▸ Task
Each line from the one with "When you go" through the final line of the entries below must be printed exactly, and the pictures must not be.

»»

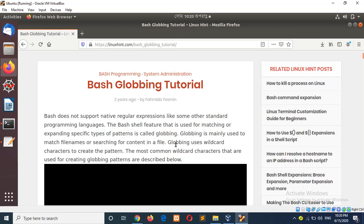This tutorial is about bash globbing. Here I will show you how you can apply different types of wildcard characters for regular expressions or using with the grep command.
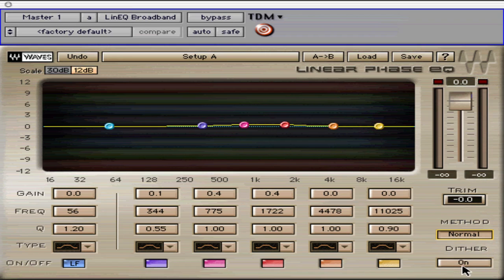The dither button can be selected as on or off. The double precision 48-bit processing doesn't cause quantization errors, but the process of rounding back to 24-bit resolution at the output of the plug-in may. Using re-quantizing noise shaping can restore low level detail at the expense of some very slight hiss. Without the dither, there may be low level quantization distortion, but it is also hard to hear and should be at the discretion of the engineer.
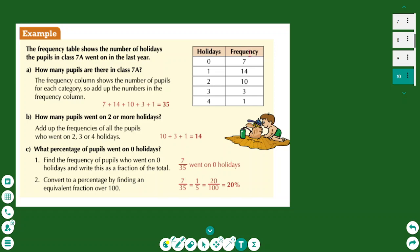Here is an example of a frequency table about holidays. We asked different people how many holidays they had during the year: 7 people had zero holidays, 14 had one, 10 had two, 3 had three, and 1 person had four. We can find how many pupils are in the class by summing the frequencies. For 'two or more holidays,' I add 10 plus 3 plus 1.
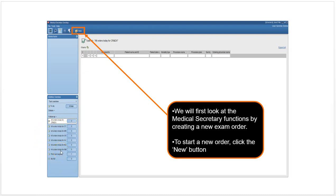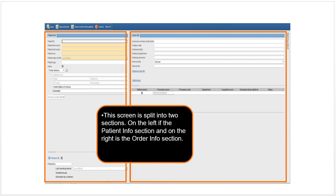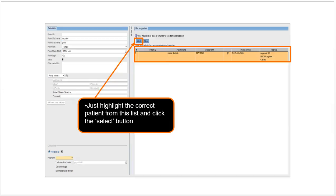When you go to create a new patient, you have two sections: the patient info section here and the order info section here. The patient info section contains all the information about the patient. The order info section contains all the information about the order.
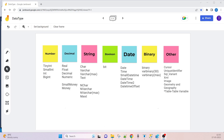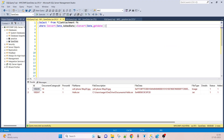Hello friends, good morning, good afternoon. In this session we are going to learn boolean data type, date data type, and binary data type in SQL Server. What is the boolean data type? We are using the BIT data type, which has two values: true or false. One acts as true and zero acts as false. Let's start with the practical.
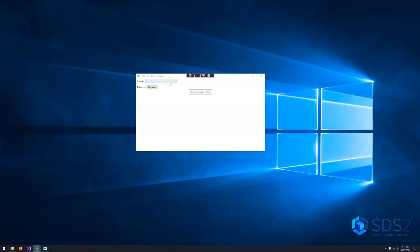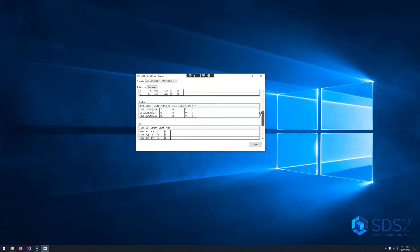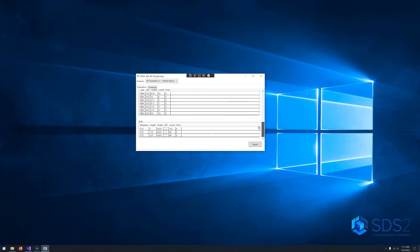First off, your user will be able to select any project they want and be able to change it at any time. Once we have a job selected, we can load in our estimation data, where we will be estimating members, plates, angles, welds, and bolts.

««

▸ Response area
When you go to create a new patient, you have two sections: the patient info section here and the order info section here. The patient info section contains all the information about the patient. The order info section contains all the information about the order.
Hello friends, good morning, good afternoon. In this session we are going to learn boolean data type, date data type, and binary data type in SQL Server. What is the boolean data type? We are using the BIT data type, which has two values: true or false. One acts as true and zero acts as false. Let's start with the practical.
First off, your user will be able to select any project they want and be able to change it at any time. Once we have a job selected, we can load in our estimation data, where we will be estimating members, plates, angles, welds, and bolts.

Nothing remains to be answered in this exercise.